“A near middle-aged man in one of my last workshops had followed his calling for the past decade with unbounded zeal. Alas, his career had never developed into long-term employment but rather, was fraught with numerous set-backs, lay-offs and even dismissals. With five children to feed and his life passion now shelved this man faced depression and desperation.
“Yet, we could all borrow a page from this man's heroic story as he further explained how he was managing this most difficult passage. He said rather than allowing himself to be crushed by these demeaning events he emphatically reminded himself of his numerous life successes. Through this, he refueled his belief in himself enabling him to persevere with a measure of dignity.
“All of us could benefit from focusing on our many successes. Stop now and list at least ten of your life successes. Reminding ourselves frequently of our accomplishments rather than nagging ourselves with our so-called ‘failures’ is the crux of finding meaning and peace in work and life.

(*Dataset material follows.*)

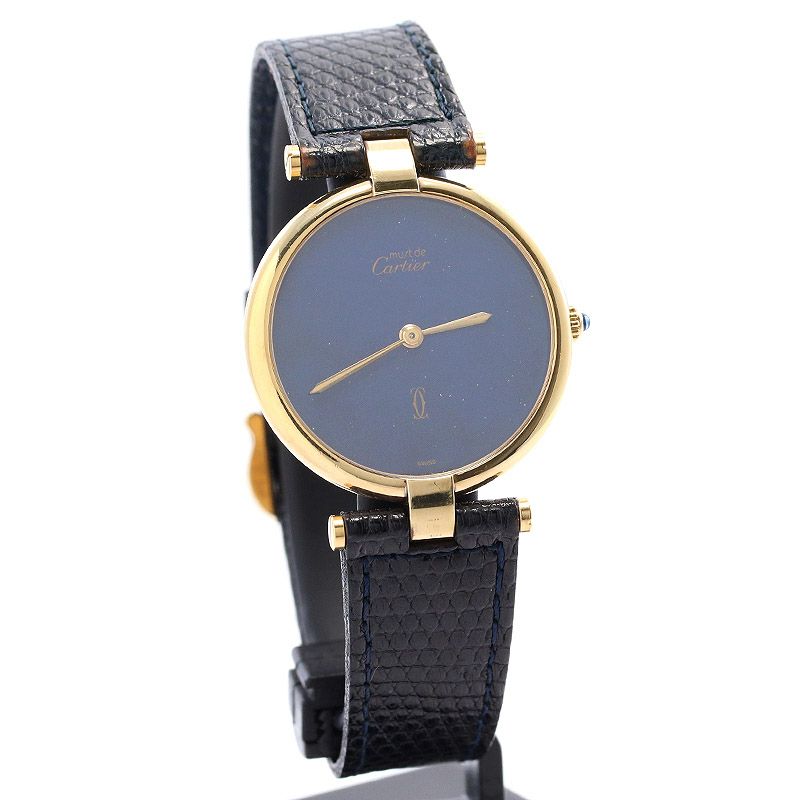 【中古】CARTIER MUST VANDOME WATCH LM VERMEIL / MUST VANDOME LM VERMEIL カルティエ マストヴァンドームLM ヴェルメイユ 83977413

“If we can't encourage and support ourselves now, the ‘ideal job’ will not supply us with the happiness/meaning/fulfillment we seek. If your self confidence is being tested by unemployment, underemployment, a new promotion, a job interview, child raising, or life (!) affirm your successes and renew your faith in yourself. We can't wait for other people to bolster our confidence and nourish our being!
Nourish Your Being
“Turning fifty years old this week supplied me with the perfect opportunity to either nourish or negate myself and my life. As I reflected upon the last decade of my life I found warm comfort in the woman I have become. Not always so. As I reread my ‘Fortieth Birthday’ column, I'd written for a local newspaper a decade ago, I could clearly see how far I'd come.

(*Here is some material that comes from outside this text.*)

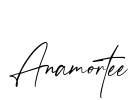 Anamortee Font Image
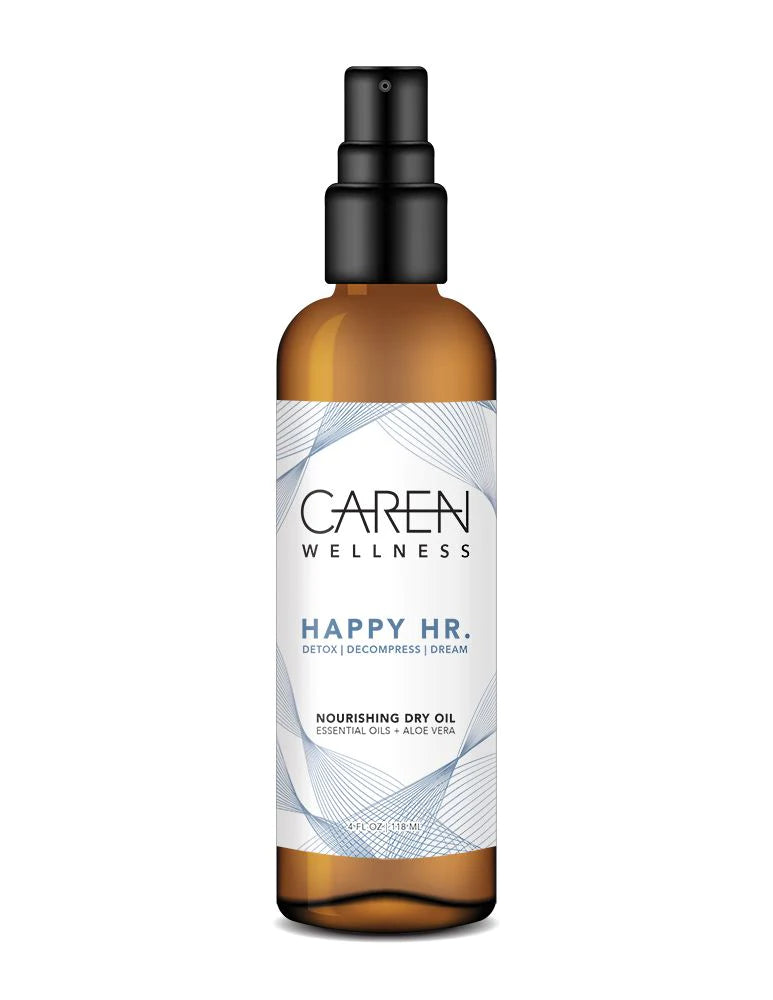 Caren Wellness- Happy Hour Nourishing Dry Oil - 4oz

“Back then, my fortieth birthday reflections led me to grieve. I had left behind decades of broken relationships and lost businesses - all strung together by my deep need to be loved and approved of by others. Within that column, I spoke with somber sadness of not wanting to repeat my broken past in the next half of my life. In closing that Fortieth Birthday column I made an earnest wish for myself, I wished 'to live the next forty years being true to myself.'
“Rereading this column showed me clearly my wish had come true this past decade. This priceless gift affirmed how far I'd grown from that 40 year old woman who had abandoned herself - for decades - seeking inner worth, love and acceptance through external props and people. How remarkable to have unearthed this time-capsuled treasure, written a decade ago, upon my fiftieth birthday!
“We can all give ourselves this priceless gift of affirming our lives and nourishing our being by pondering our past and seeing how far we have come. Our mistakes no longer have to be something we punish ourselves for. Now, we can make an effort to have compassion for ourselves and give thanks for the lessons learned.

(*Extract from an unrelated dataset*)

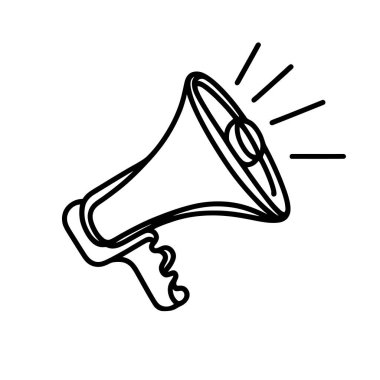 El yapımı megafon duyuruları, iletişimi ve bilgi paylaşımını temsil eder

“By performing these small rituals of remembering and affirming our lives, we nourish and build our being. It is in here, inside, we build a strong, solid foundation that can help us weather the storms of life. Through building a strong sense of self we can find a new freedom.
Freedom at Fifty
“The slogan ’Freedom at Fifty’ takes on a new spin when I think of how free I am now compared to when I tried so hard to please everyone. The disease to please, often driven by feelings of insecurity and unworthiness can be chronic and life debilitating if left unchecked. Do you balance your needs for quiet, private time with the needs and demands of work, career-search, family, friends, life?
“A client of mine, aged fifty-something, regularly stops and asks herself, ‘What do I want/need here?’ She went on to say that now, in her fifties, she is able to set boundaries with her family as never before. We both affirmed we have discovered a real freedom in our fifties.
“Before you accept that next job, take on another task, commit to someone else's agenda - stop. Take some time and ask yourself, ‘What do I need here?’ How can we hope to find our Way if we do not listen to ourselves or find time for ourselves?”